Alternating series test resulting in conditional convergence: sum (-1)^n*n/sqrt(n^3+1).

Описание: We test the convergence of an alternating series (-1)^n*n/sqrt(n^3+1), starting with the test for absolute convergence (because if we can show absolute convergence, it automatically implies ordinary convergence of the series).

The series of absolute values approaches the terms of the divergent p-series 1/sqrt(n) in the large n limit, so we perform a limit comparison test and find that our series of absolute values diverges.

So we've failed the test for absolute convergence, which means we should look at the alternating series test in order to decide whether or not our series is conditionally convergent.

For the first part of the alternating series test, we need to show that the terms of the series approach zero in the large n limit (where we are just looking at the magnitude of the terms, not including the alternating sign). This is a quick limit, and we show that it approaches zero.

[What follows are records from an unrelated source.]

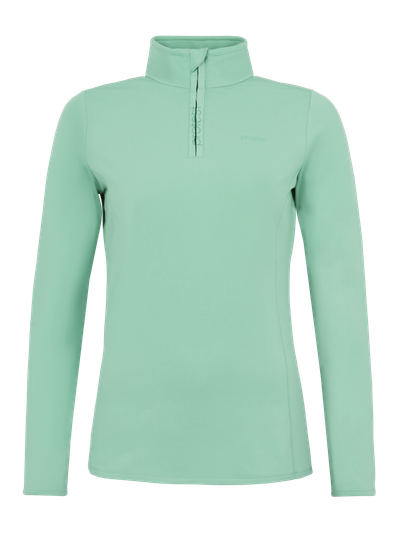 REFABRIZ Mid layer
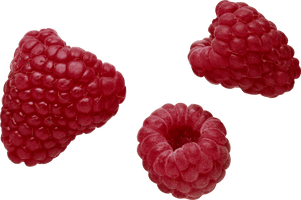 Rraspberry Png Image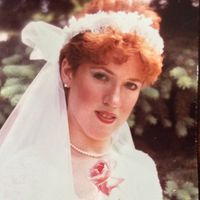 Carol Werder's profile image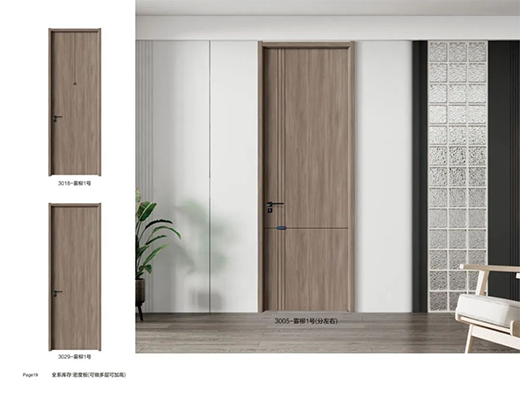 ǧ���T�I(y��)| Ʒ�|(zh��)�����������ж�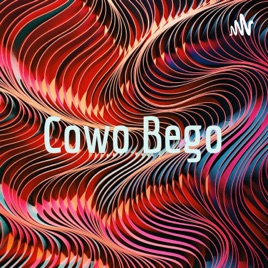 Cowo Bego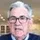 Not Jerome Powell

The second part of the alternating series test is usually the difficult part: we need to show the a_n's are getting smaller, more precisely a_n+1 less than or equal to a_n for all n. Given our expression for a_n, this isn't obvious, so we need to use the derivative of a_n to show that the terms are decreasing. We take the derivative using the quotient and chain rules, and we show that the derivative is negative when n is larger than 1, so we satisfy the second part of the alternating series test using the derivative.

Since the alternating series converges, but the series of absolute values diverges, we conclude that our original alternating series converges conditionally.